Я понял, что мне показалось странным. Чего тупил так долго?
– Слушай, Родька, а кто в тот вечер Трюху у вас во дворе видел? Ты?
– Когда? Когда пожар у вас был? Нет, не я. Тоха, Исаков Антошка – его одноклассник. Он его и прогнал. Тохе в ту субботу губу ваши разбили за кинотеатром, вот он и злой был. Утром мне рассказывал, как за Трюхой гонялся. А я – Юрасю.
– Тогда главный вопрос, – медленно говорю я, встаю, поворачиваюсь к Родьке и смотрю ему прямо в глаза. – Кто заложил именно тебя?
Пожимает плечами.
– Понятия не имею, – задумывается. – Ну да, кто-то ведь заложил?
– Получается, не заложил, Родька, – я рассеянно скольжу взглядом по своим каракулям на земле, – это называется «подставил». Только зачем?
Так-так-так.
Варианта два. Первый – отмазать Трюханова, второй – «зацепить» Родиона. Равноценно. Мотивы? Деньги? Советский инспектор по делам несовершеннолетних балуется вымогательством? Может быть, может быть. Тогда второй вариант – предпочтительней. У Трюхи отец – мичман, у Родиона – летчик-офицер. Если первый вариант – то подставлять можно любого, тогда почему именно Родьку? Как на него вышла эта инспекторша? Сама или кто-то подсказал?
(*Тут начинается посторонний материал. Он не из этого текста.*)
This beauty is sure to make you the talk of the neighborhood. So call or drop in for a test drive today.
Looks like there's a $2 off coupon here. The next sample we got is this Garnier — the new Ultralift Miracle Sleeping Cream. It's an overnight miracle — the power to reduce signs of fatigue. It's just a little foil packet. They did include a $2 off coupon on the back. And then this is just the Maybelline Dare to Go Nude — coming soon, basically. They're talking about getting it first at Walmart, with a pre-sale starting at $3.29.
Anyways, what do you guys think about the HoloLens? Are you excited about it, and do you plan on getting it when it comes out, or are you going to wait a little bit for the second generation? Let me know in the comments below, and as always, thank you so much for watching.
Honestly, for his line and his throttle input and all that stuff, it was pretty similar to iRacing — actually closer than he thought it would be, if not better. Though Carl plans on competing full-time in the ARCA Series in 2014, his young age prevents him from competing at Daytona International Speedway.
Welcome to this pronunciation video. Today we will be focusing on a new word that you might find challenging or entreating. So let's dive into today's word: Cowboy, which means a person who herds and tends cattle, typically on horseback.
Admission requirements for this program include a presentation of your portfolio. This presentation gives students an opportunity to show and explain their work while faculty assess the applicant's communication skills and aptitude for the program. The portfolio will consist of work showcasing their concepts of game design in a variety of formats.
Вновь возвращаемся к первому вопросу – кто навел на Родьку? И ко второму – зачем? Считаем, что вымогательство – это пилотная версия. И выходит, что при обоих вариантах ключ – Родька!
– Ладно, Родион. – Я протягиваю ему руку. – Не буду ждать пацанов, дела есть. Бывай…
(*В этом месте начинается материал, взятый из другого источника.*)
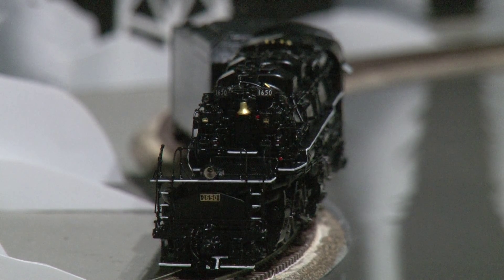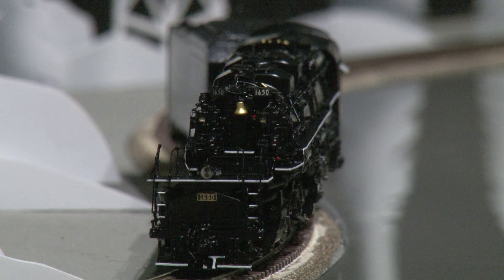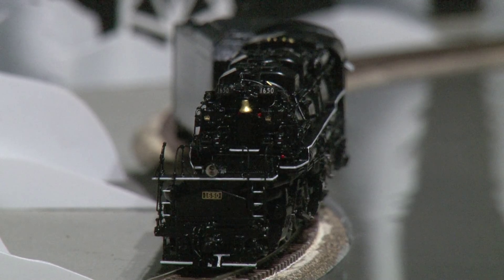And there you have it with the nice articulation in the front, the Chesapeake and Ohio H8.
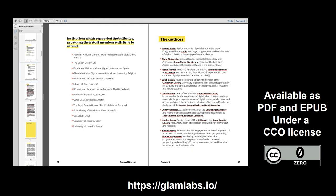Open a Glam Lab is freely available as a PDF and EPUB, and has a CC0 licence, so people are free to do whatever they would like to do with it.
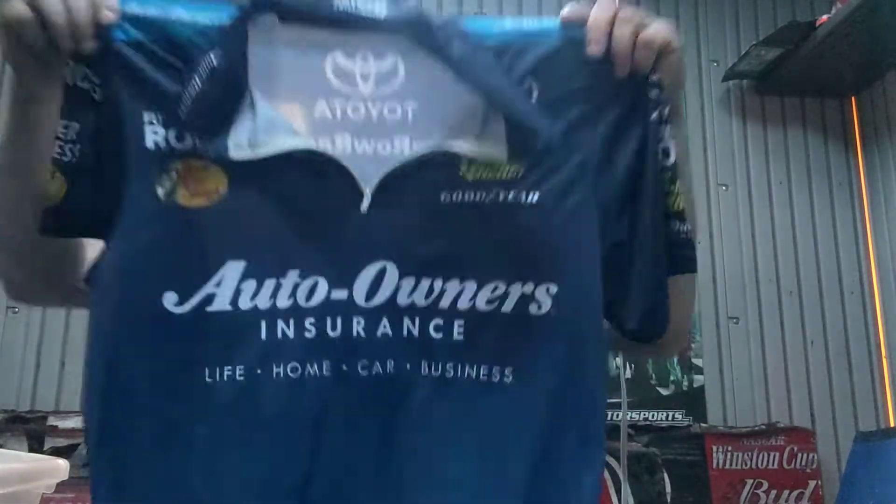Then I bought these for $20 each — there's three of these coming up. Truex crew shirts, this is the Auto Owners from 2018.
Вяло жмет. Ничего, разберемся, не дрейфь!
Все-таки почему вызвали у меня мать, а у него – отца?
Старая скрипучая деревянная лестница.
В нашем доме нет бетонных перекрытий, бетонных ступеней. Нет даже ванных комнат. Каждую неделю мы всей семьей через весь город отправляемся к родственникам в Камышах купаться. «Банные» дни.
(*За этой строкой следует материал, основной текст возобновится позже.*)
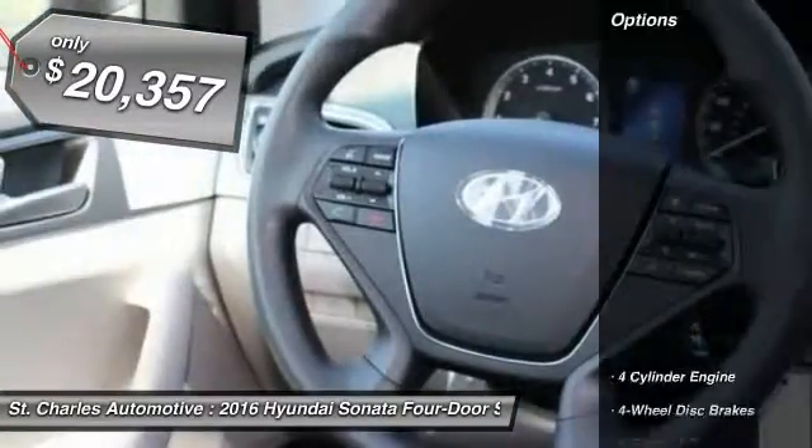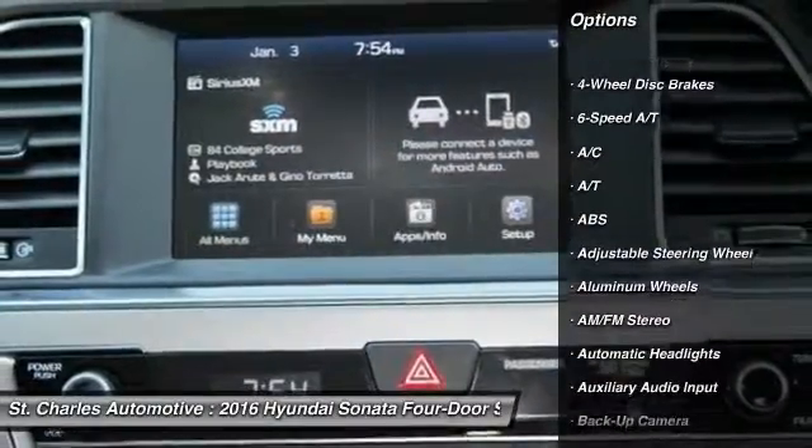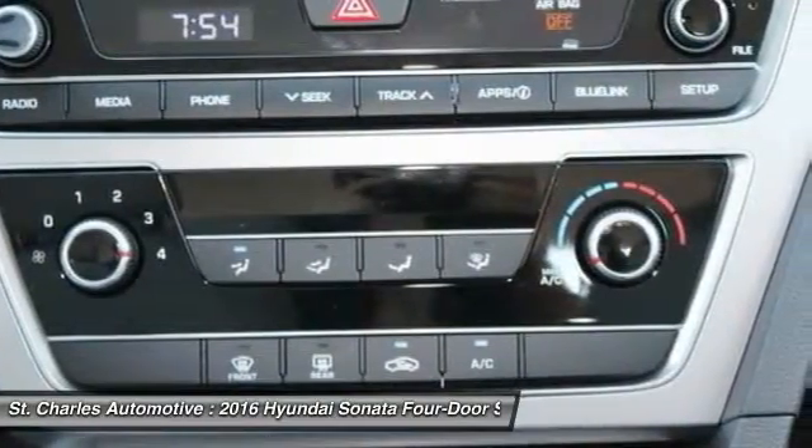Here are some of this vehicle's great options: steering wheel audio controls, stability control, backup camera, anti-lock braking system, and keyless entry.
Дом деревянный, слепленный на скорую руку сразу после войны. Стены из деревянной дранки крест-накрест, облепленной штукатуркой. Пнешь ногой – сразу дырка. Зато – кирпичные печки высотой в два этажа. Можно топить и с первого этажа, и со второго. Снизу сосед топит – нам тепло. Топим мы – а вниз тепло не идет. Поэтому в наших апартаментах престижным считается жить на втором этаже.
Трюха как раз и живет на втором этаже. В моем доме, только в другом подъезде.
Я решил заскочить к нему домой, чтобы предупредить родителей. У Трюхи нет матери, только отец и бабка. Сам поджигатель гаражей наверняка в школе. Батя на службе, а вот бабуля должна быть дома.
Трюхина бабушка – классная старушка, что называется мировая. В войну была медсестрой в Инкерманском госпитале. Перед последним штурмом города эвакуировалась вместе с ранеными. А как только город освободили – в первых рядах явилась на стройку.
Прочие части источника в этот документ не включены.